Google Street View 'to carry real-time ads'
Published 13/01/2010 | 12:17
Google Street View could start carrying adverts which will appear on buildings and billboards, having been granted a new patent.
In the patent, which was granted on January 7 and is entitled: “Claiming Real Estate in Panoramic or 3D Mapping Environments for Advertising”, Google outlines its plans to identify posters, billboards and buildings in its online mapping applications and give advertisers the chance to replace these images with more up-to-date adverts.
Google is planning on using software which recognises the posters on a theatre – for instance – and can replace them with a new advert or information. This will allow the theatre to promote its current plays, in spite of a Google Street View image being old.
Google’s technology would allow it to recognise interest points in the image and then serve features around those areas – which could be an updated image of a building or a hot link to connect with the image.
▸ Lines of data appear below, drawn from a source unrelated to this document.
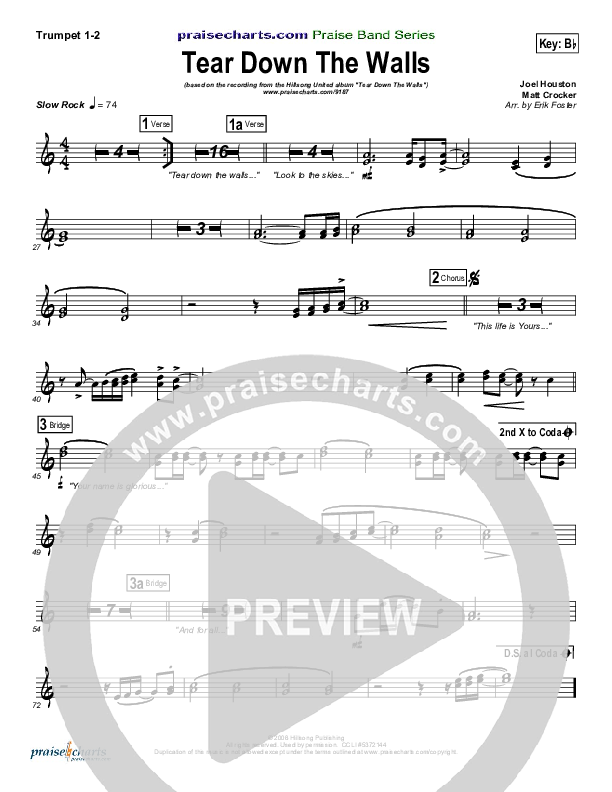 Tear Down The Walls Trumpet 1,2 (Hillsong UNITED)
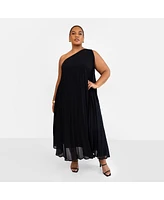 Rebdolls Plus Desiree Chiffon Pleated One Shoulder Maxi Shift Dress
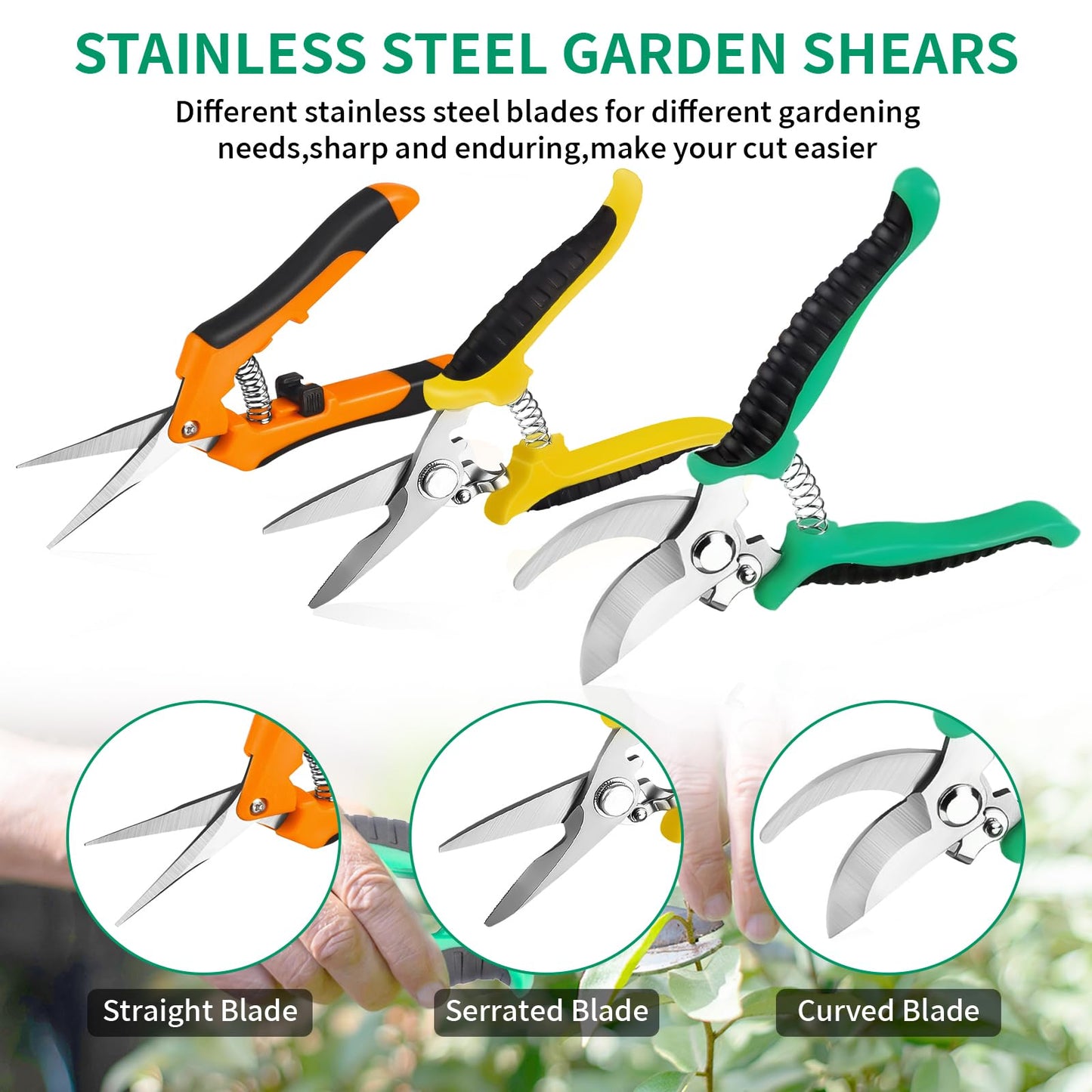 Garden Pruning Shears 3 Pack Gardening Shears Garden Scissors Stainless Steel Plant Flower Scissors Clippers Pruning Shears tijeras de jardinería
In the patent, the technology company also mentions creating an advertising auction for properties which remain ‘unclaimed’. It said: “The link can be associated with a property owner, for example the property owner which owns the physical property portrayed. The link can alternatively be associated with an advertiser who placed the highest bid on the image recognized within the region of interest (e.g., poster, billboard, banner, etc.).”
Technology blog, ReadWriteWeb, highlighted the issues that could be caused if such an auction was to become a reality: “This does open up some interesting questions. It makes perfect sense for the owner of a local coffee shop to advertise through this system, but in this patent, Google also describes an advertising auction. Does that mean that a rival coffee shop could also bid for ad space on the virtual image of a competitor's store in Street View? Chances are this isn't quite what Google has in mind, though it could definitely be a possibility.”
A Google spokesman said: “We file patent applications on a variety of ideas that our employees come up with. Some of those ideas later mature into real products or services, some don't. Prospective product announcements should not necessarily be inferred from our patent applications."